Yet, I can call these 4 months the best I have ever had in way too long a time, despite all the hardships and breaking down. I have not felt so alive and real in years. So I haven't given up, not yet. I think the last few days of the semester were bad, it did reach the crazy level I was waiting the whole semester for. I did win eventually. It makes me wonder how often hard work is correlated with winning. I absolutely believe in it, but I wish people addressed how stressful grad school really is, more openly . Anyway, I think I still cannot dismiss the majority of the feelings felt, which is grateful.

There are so many days when I wished I had never gone to work, that I had applied right at the beginning and lived what I am living now. But I guess that's not how it works. I am sure I would have taken it for granted, just having gotten out of college, with rose colored glasses, not really knowing how life looks like otherwise.

I now have really come to believe that sometimes, you really need to live your worst to do your best. So that you know how precious that moment is, how precious that feeling is, how much you really want to do this. I now know enough to say I want this without wondering "Do I really want it or is it just me being extremely emotional and stupid?". I am so worried that a day will come when this will stop feeling like a dream and will feel like drudgery and I might be inclined to stop halfway. But there is also a part of me that thinks that it might not happen because I am in a place where I can actually go ahead with my ideas, there is nothing to stop me, there is only encouragement from all directions. I definitely do not know if these ideas will fall flat on their face (which I am sure they might) or other mishaps I haven't taken into account might happen but at least, I have a chance. At least, I have an option to try. And THAT, I cannot and will not take for granted, having craved this moment for years.

That was quite some emotion, now for the real deal. 

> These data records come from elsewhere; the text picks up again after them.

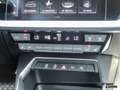 Audi A3 Sportback 35 FSI S line S tronic Navi Sitzh. Blanc - thumbnail 10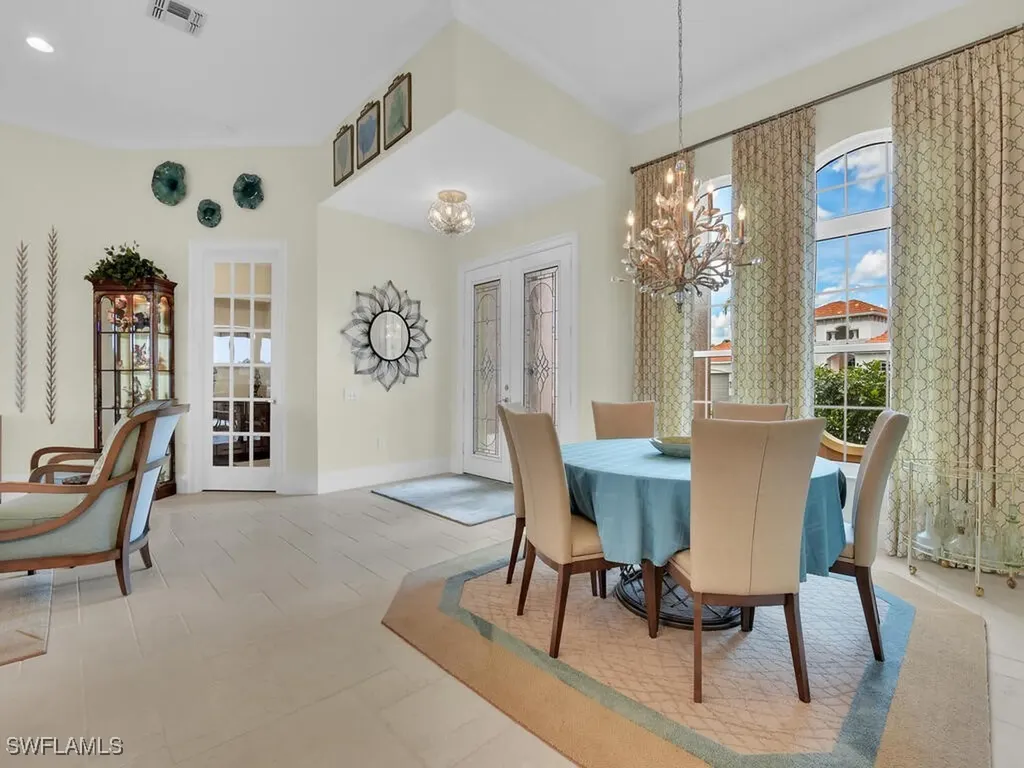 23220 Whispering Ridge Drive Estero FL 34135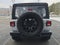 2024 Jeep Wrangler Sport 2 Door 4x4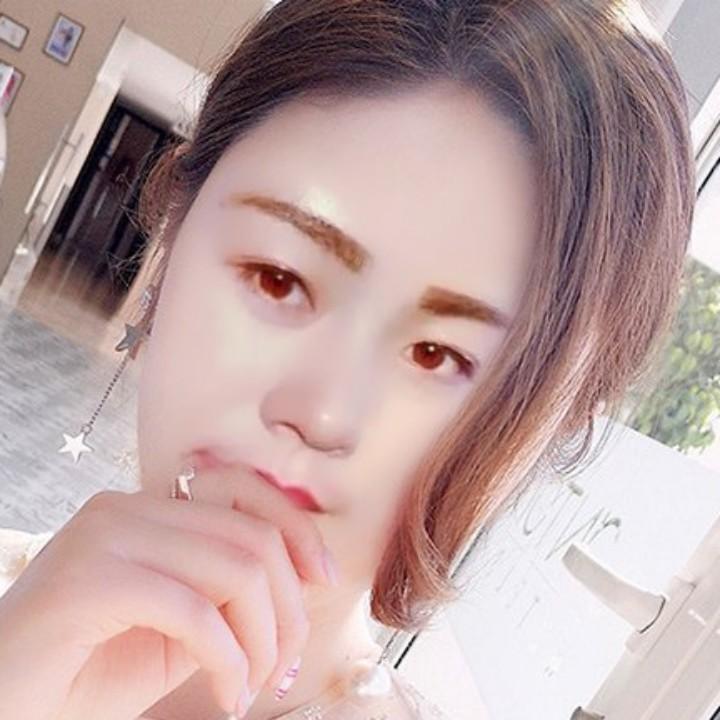 吴忧吴虑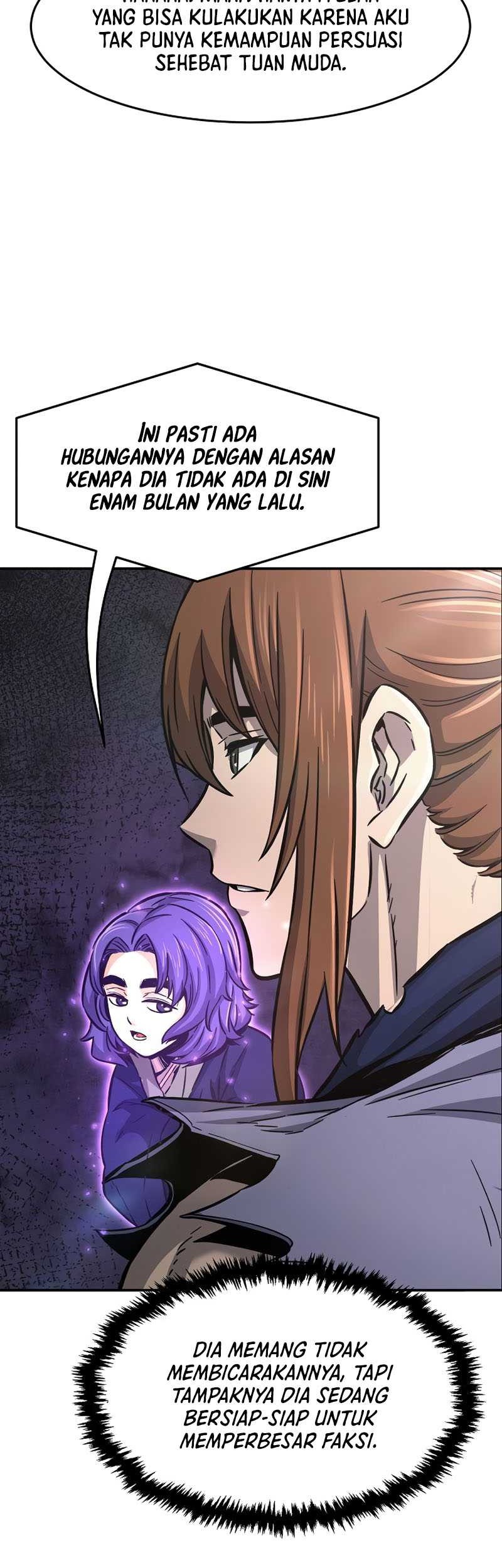 Chapter 34 - halaman 16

This semester has also been about believing in myself again. I have finally worked on projects, learnt languages, tackled interviews in a way that I always perceived the other smart person to be able to do, but never me. This semester, I did it all. I am very impressed with myself. I am glad I can say that I am impressed with myself.  I am relieved, that I am not dumb after all. I also figured I have become quite strategic about addressing ways of handling work. I always thought strategy and hard work never go hand in hand but it turns out, working hard in a smart manner does transform itself to a strategy.

It also turns out that I've become quite the introvert in the past three years, such a far cry from what I was identified with back in the undergrad days. Also, after years of refusing to do so, I have finally let myself accept that there are different levels of closeness with different people and it actually helps me be a better friend. Maybe the two are related. I think it is because I just don't have the energy in me to hide my real thoughts and feelings, I'd rather just talk to those who know me well enough for me to not have to justify anything that I say. For that matter, in general, I have just started saying what I think and feel as opposed to masking the same. I can assure you, it is the highest level of relief you could ever feel, since this comes from someone who used to hate offending people even if it was unintentional.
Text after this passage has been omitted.